Apple's Aperture: Smoke With No Fire? By
Mike Pasini, The Imaging Resource
(Friday, May 5, 2006 - 13:46 EDT)
Three recent developments shed a little more light on last week's Aperture rumor.
Last week, Mac rumor site Think Secret published an item headlined "Apple future in question as Apple axes bulk of team." The story claimed Apple had "asked the engineering team behind its Aperture photo editing and management software to leave." Three developments over the last two days shed a brighter light on the situation.

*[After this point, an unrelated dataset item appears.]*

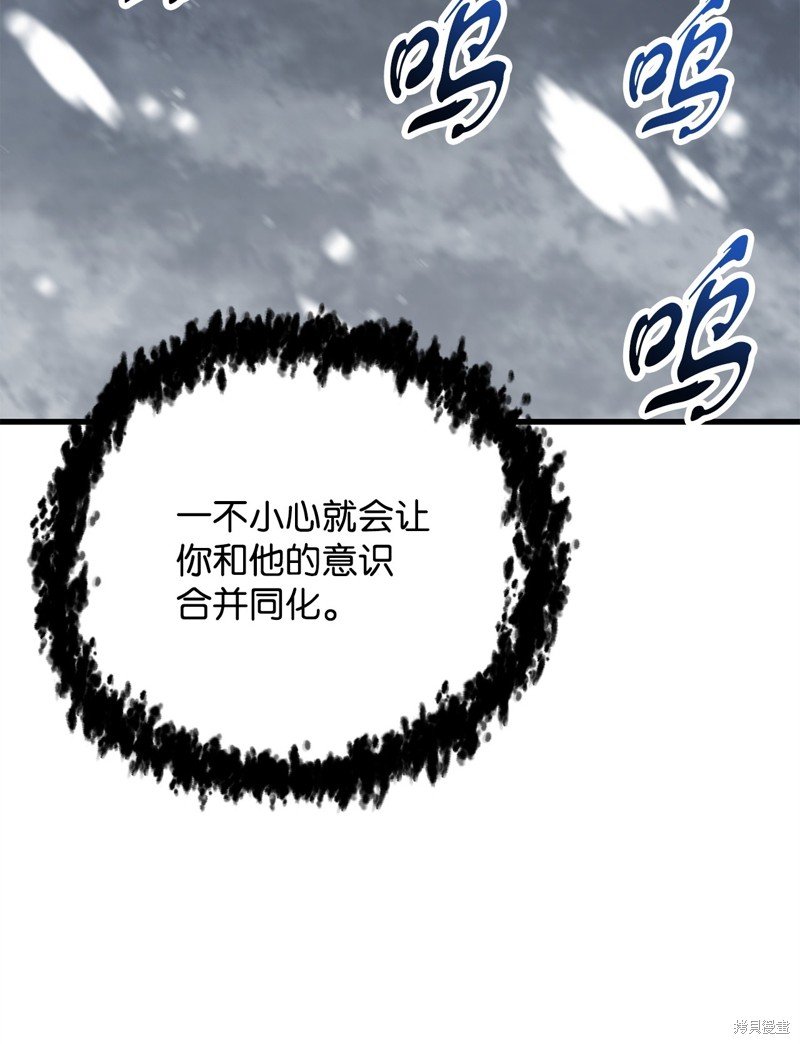 第120话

The first was Apple's release of an update to Aperture to address "performance, stability, color correction and display compatibility." The update makes iPhoto imports a little more flexible and eliminates a false error message about unsupported display hardware. More significantly, it also corrects the function of the white balance tool, suggesting someone is minding the store.

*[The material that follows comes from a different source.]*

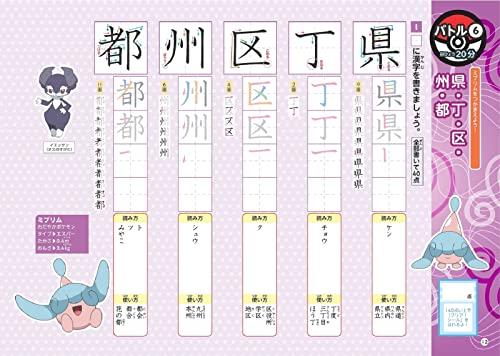 Pokemon Encyclopedia Drill - 3rd Grade Elementary School - Kanji (educational Drill)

At the same time, Rob Galbraith, who has reported extensively on Aperture, addressed the product's status in an item quoting Apple's Kirk Paulsen, senior director of professional applications product marketing. According to the Paulsen, "Reports of Apple reducing its commitment to Aperture are totally false," Paulsen told Galbraith. "In fact, we've got more people working on Aperture right now than ever before."
And today, John Gruber at Daring Fireball has published under the headline 'More Aperture Dirt' his discussion with one of the developers from the original Aperture engineering team. Gruber's source claims no one from the original team was fired but most did leave the project, moving on to other projects within Apple or other companies.

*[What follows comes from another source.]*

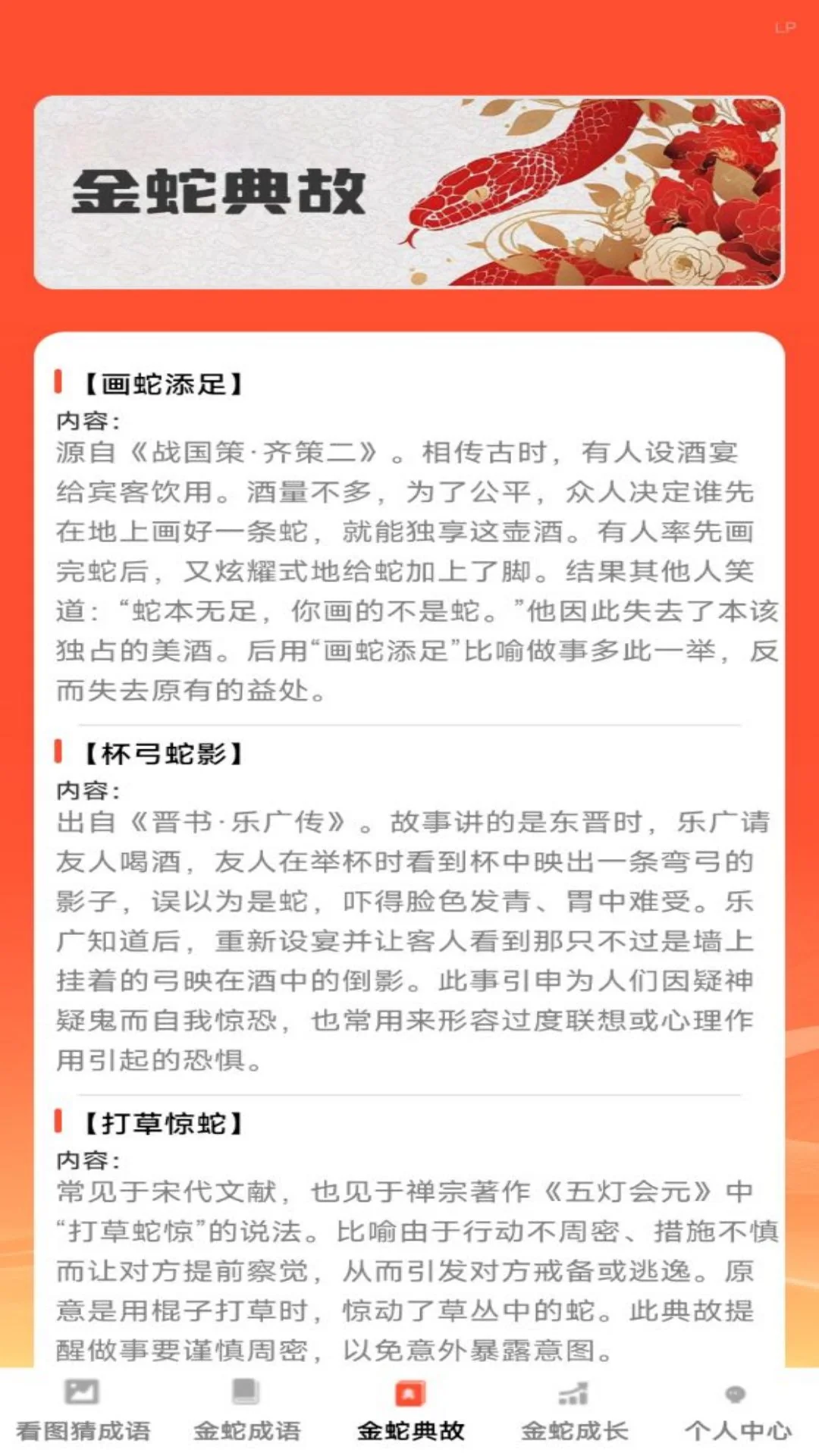 金蛇猜成语截图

The source also said the Aperture team grew "grew from about 20 to 150 in just a few weeks, comprising about 100 engineers, 40 QA people, and the rest manager types. And not surprisingly, this is precisely when things went from bad to worse with regard to the quality of the product."
But those additions were "borrowed talent from other 'Pro app' product teams" helping get Aperture 1.0 out the door. The current engineering team predates the departure of the original, so "the product's future was never in jeopardy," Gruber's source explained.